Bir gün, camiden çıkıyordu ki, birinin direk arkasına gizlendiğini görüp yaklaştı:
- Hayrola, neyin var senin?
- Yok bir şey efendim.

- Gizleniyor gibisin de.
- E, evet, şeyy...

- Çekinme kardeşim, söyle.
- Size borcumu ödeyemedim de efendim.

- Borcun ne kadardı ki?
- Beşbin akçe efendim.

Elini dostça omuzuna atıp;
- Üzülme, unut onu! buyurdu.

Ve koluna girip evine götürdü.
Birlikte yemek yediler.

Uğurlarken, eline "beşbin akçe" daha sıkıştırıp;
- Al bunu.
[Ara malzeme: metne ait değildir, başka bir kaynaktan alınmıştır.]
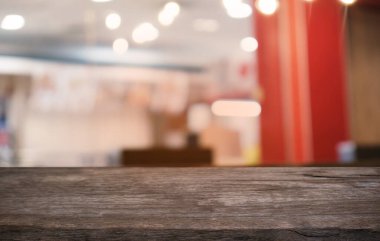 Restoranın soyut bulanık arka planının önündeki boş, siyah ahşap masa. Ürünlerinizi görüntülemek ya da montajlamak için kullanılabilir.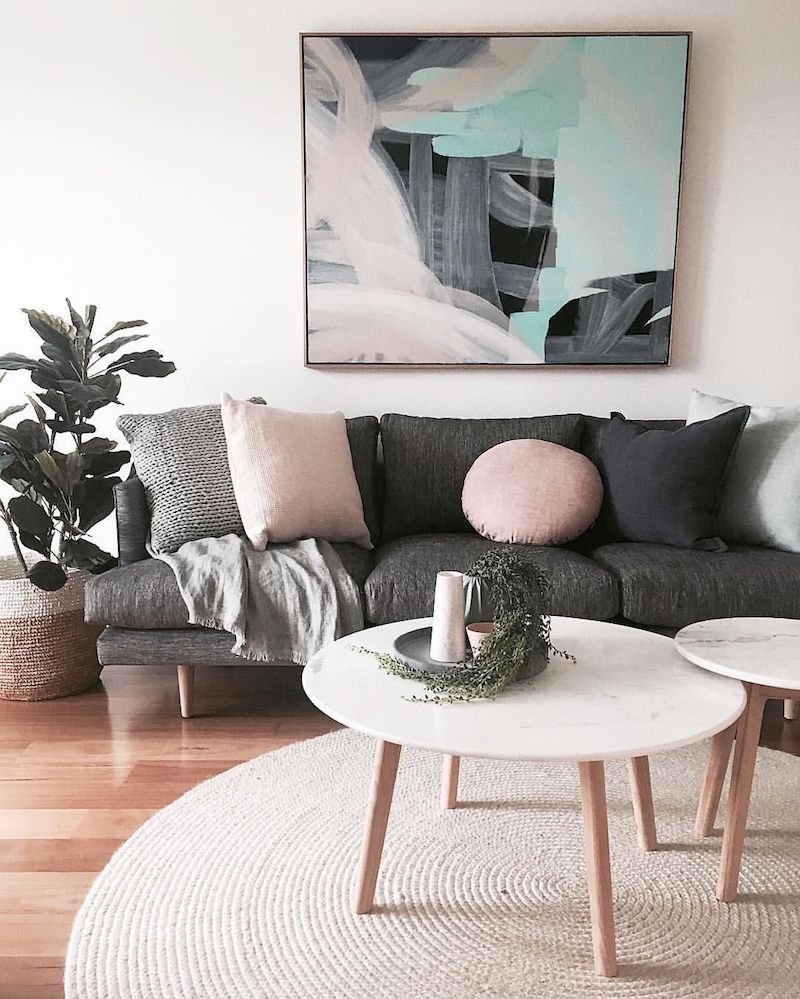 Dark grey sofa with abstract art and round white coffee table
Bir ihtiyacın olursa, yine bana gel, buyurdu.

Garip sevinçten uçuyordu.

SENİN BİR SIKINTIN VAR

Yine bir fakirin, "onbin dirhem" borcu vardı birine.
Ama ödeyemiyordu.

Bir gece, açtı ellerini;
- Yâ Rabbî, borcumu ödemede bana yardım et! diye yalvardı.

O sabah bindi katırına, çıktı evden.
Ne yöne gideceğini bilmiyordu.

Ama hem gidiyor, hem de;
- Yâ Rabbî, sevdiğin birini rast getir de borcumu ödeyeyim, diye dua ediyordu.

Serbest bıraktı katırın yularını.
Hayvan, bir evin önünde durdu.
Bu ev, Da'lec bin Ahmed hazretlerinin eviydi.

Büyük Velî, anladı derdini:
- Senin bir sıkıntın var kardeşim.
- Evet efendim, hem de çok.

- Söyle, nedir derdin?
- Birine borcum var. Ödeyemiyorum efendim.

- Borcun ne kadar?
- Onbin dirhem efendim.
- Kolay, hallederiz, buyurdu.

Ve kalkıp, mükellef bir sofra getirdi.
Birlikte yediler.
Sonra "onbin akçe" verip uğurladı kendisini.